Tuesday, August 26, 2008

Feeling Confined Lately?

Some processes eat away our rights, yet we can't see them in action. We feel the pinch, but accounting for our diminished rights and happiness is elusive to most.

I was reading today about the system of Enclosure, which existed in England and Wales between the 12th to the 19th centuries. Lands, whether in common hands or private lords' hands were held in common for the use of anyone who cared to farm them. During the Tudor period especially, lords discovered they could make more from the lands by grazing sheep there. Arable lands were now pasture lands.



The Inclosure Acts of the 18th and 19th centuries took common lands out of public hands by escheat whether they were solely from common trust or were already privately owned and used by commoners.

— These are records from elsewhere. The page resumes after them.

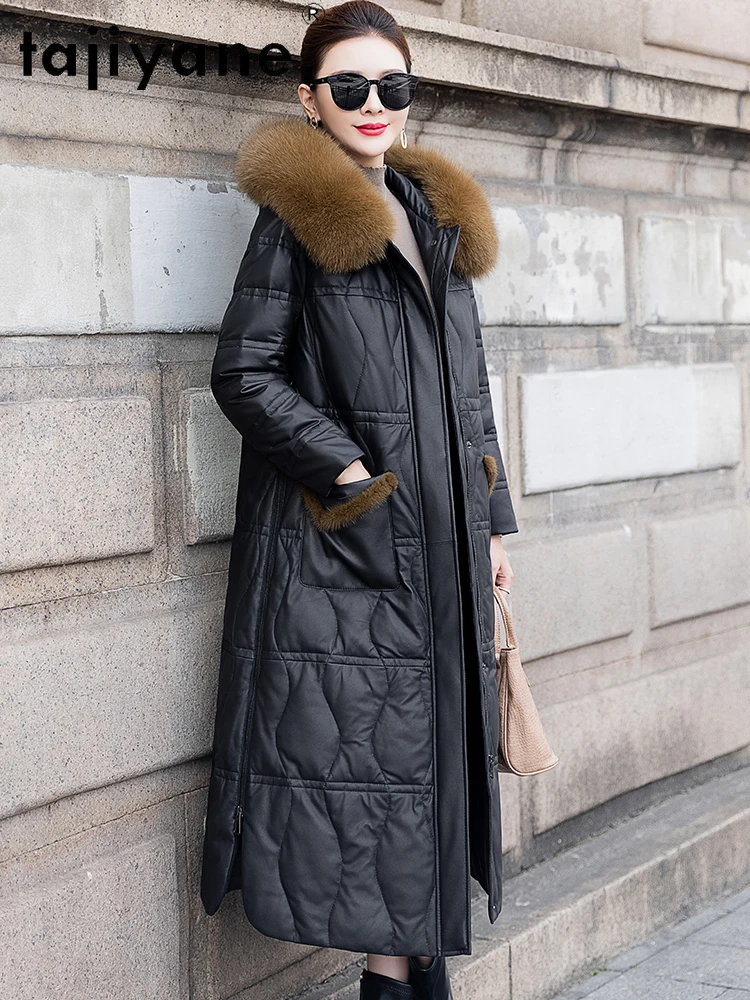 TAJIYANE Pelle di pecora Piumino d'anatra Donna Collo di pelliccia di volpe Giacche in vera pelle Capispalla da donna premium 2025 Abbigliamento invernale da donna
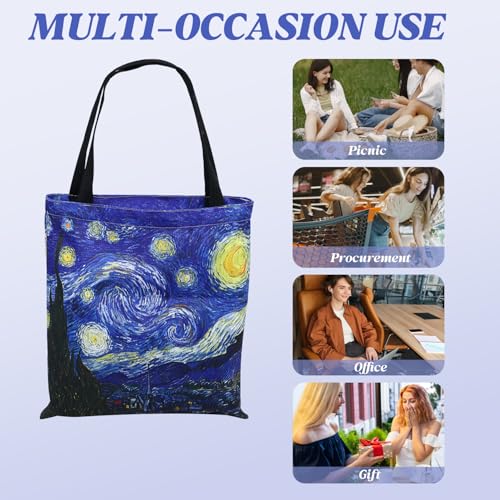 Canvas Tote Bag for Commuting, Foldable Travel Tote Bag Beach Bag Reusable Grocery Bags for Men Women, 13.4 x 14.2 Inch - color: A-sky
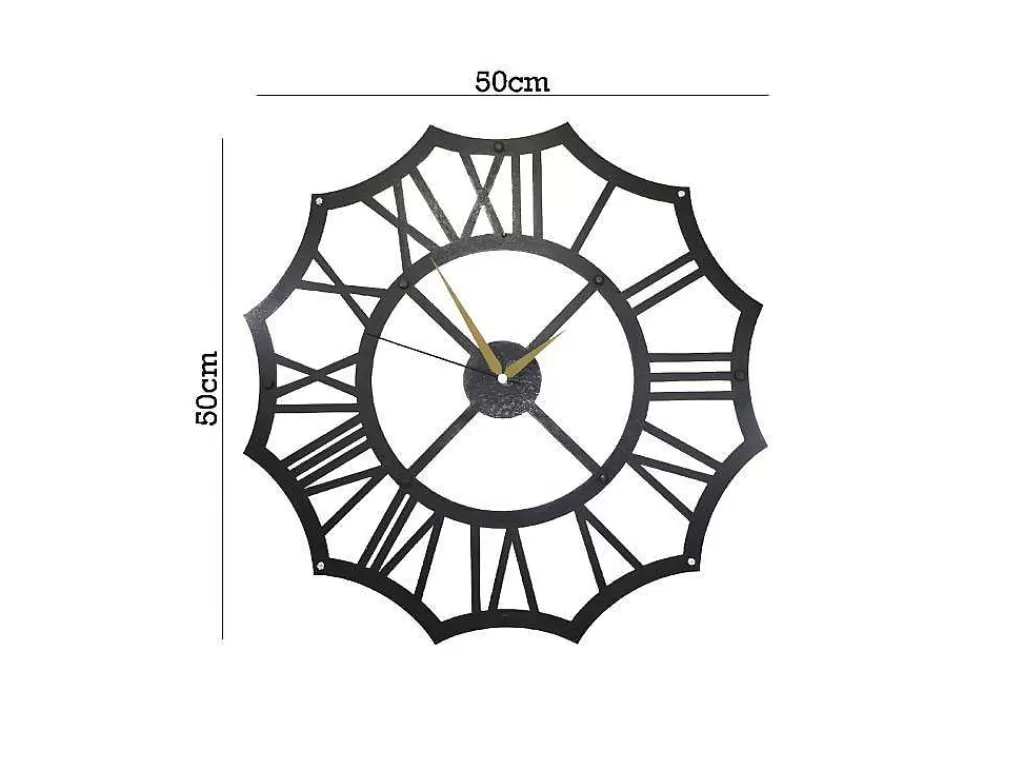Relógio De Parede*EPIKASA Relógio Romeinse Cijfers, Preto, 50X1,5X50 Cm,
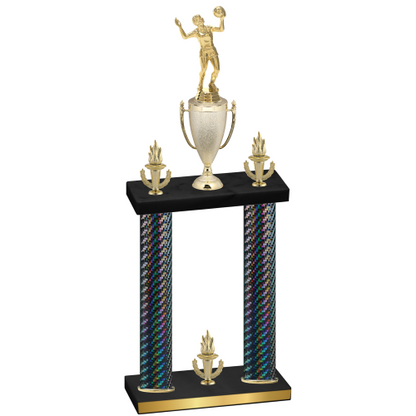 Double Black Carbon Fiber Victory Volleyball Trophy
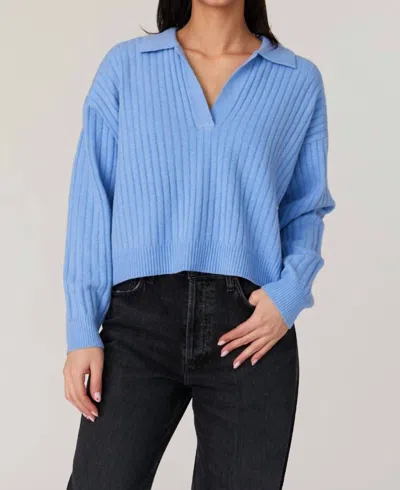 French Connection Vhari Johnny Collar Sweater In Dusted Blue In Multi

This system reached its zenith between 1760 and 1832. Middlemarch deals with land enclosures in service of another animal, the "iron pig" of the railroad.

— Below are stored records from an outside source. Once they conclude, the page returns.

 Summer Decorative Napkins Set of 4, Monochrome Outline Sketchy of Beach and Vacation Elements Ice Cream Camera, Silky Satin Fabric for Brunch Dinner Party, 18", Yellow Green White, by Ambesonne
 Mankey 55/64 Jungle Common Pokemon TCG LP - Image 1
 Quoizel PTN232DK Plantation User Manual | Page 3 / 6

Marxist scholars assert the act of enclosing space extended private yeomanship and created a landless laboring class who were forced to seek work in the new industries. Those were sheparding and shearing, and, from 1780 to the 1820's, factory work.

I see a new form of enclosure happening in industrial nations. It is the kind that sneaks up on us and is so insidious that we may not see it. It is a kind of virtual enclosure for the virtual age.

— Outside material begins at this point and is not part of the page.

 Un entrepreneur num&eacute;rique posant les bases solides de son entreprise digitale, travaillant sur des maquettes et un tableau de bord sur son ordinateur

There is, to start, a physical delimiting of actual space. There are fewer public places where we can speak our minds. The ancient Greeks had the agora. We really have few spaces for citizens where we can speak our minds freely at any time. You need permits for protest marches. There are few Speaker Corners (London's Hyde Park). Colleges, libraries, and meeting halls are about all we have.

If we speak our minds and displease the owners of private property, they claim the power of private property. Owners can "trespass" you (notice how trespass became a verb about 2002). You can be trespassed lately for being rude to the desk staff or for complaining about policies. This is a way of shrinking individual rights and tightening the gag on freedom of speech.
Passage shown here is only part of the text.